Solar can yield a substantial financial benefit over time (if your utility doesn’t sabotage you, that is). And even when they do, your solar project is contributing to the reduction of greenhouse gas emissions and adding “one more solar project” to the movement map.

Take the same system and plop it on the roof of a church in my utility service area (Blue Ridge Energy in Boone, NC) and see what happens. Though still feeding the hungry, now the church pays a “solar punishment fee” too. The utility gobbles up some of the benefit, taking some of it from the hungry, as the chart below shows.

When your utility charges an extra fee for you to have solar, it robs some of your benefit. In this example, how many meals for the hungry are displaced by the $873 the utility charged just for having solar power?

If we were to add a loss factor for net metering [3] this chart would change yet again, because now you’re generating electricity that you can’t use (a surplus) and selling it to your utility via a credit on your power bill for more or less 50 cents on the dollar, plus you may end up surrendering credits you’ve banked at the end of the cycle. One more thing about this example. Since we’re using a religious entity as the hypothetical, it isn’t able to benefit from the tax incentives otherwise available. There are legal and ethical ways for doing this but must be evaluated judiciously. Sometimes the factors align and sometimes they don’t, so it’s case-by-case.
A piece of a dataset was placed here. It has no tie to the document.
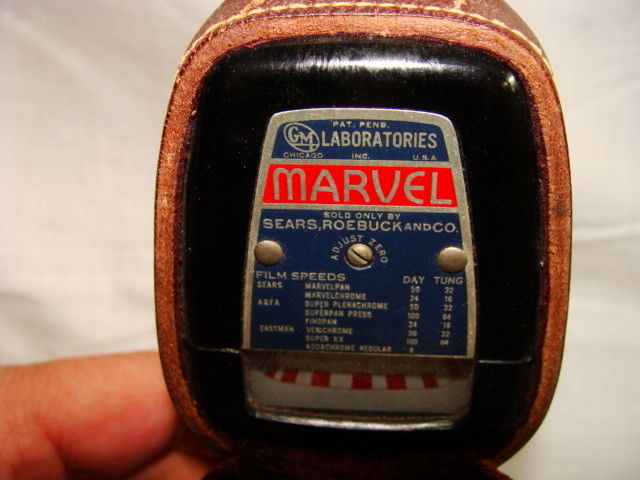 Vintage Marvel Light Exposure Meter with Leather Case and Strap Exc. Condition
We’ve seen lots of “benefit calculators” out there in web-world and some are downright misleading. We don’t want anyone getting into solar solely for financial logics only to say a year out, “hey, what happened to my benefit!!!???” Use AIRE’s calculator, use some others too, ask critical questions, analyze carefully and make your best decision. We don’t assume “friendly” default numbers, so you’ll have to do some thinking just to use ours which is a good thing.

[1] Our work has always been aimed at “optimizing” these variables since anyone wanting solar now must work within those constraints. Of course, we want to help inform policy activism and there’s good defensive work being done in that important arena.

[2] Good policy and regulatory behavior involves a lot of wonky minutia. Most people would prefer a trip to the dentist- no offense to you dentists!- than to think about what’s behind the numbers on their power bill. Suffice it to say that the way rates, costs, fees, and economics are worked out in state utility commissions are a produce of political power, not the natural laws of physics, or even the dismal laws of economics. Rather, they are indeed products of corporate power in a contested space.

[3] Maybe we will soon, but net metering is under constant attack by the utilities, their lobbyists and trade organizations. The example used in this post assumes that every kilowatt of solar will be used by the church, thus negating the loss of selling it’s excess solar to the utility for half the price it pays the utility for energy. It assumes a “Net Billing” rate schedule which is different that Net Metering. These considerations are fairly straight forward though not something to sketch out on a napkin before you invest.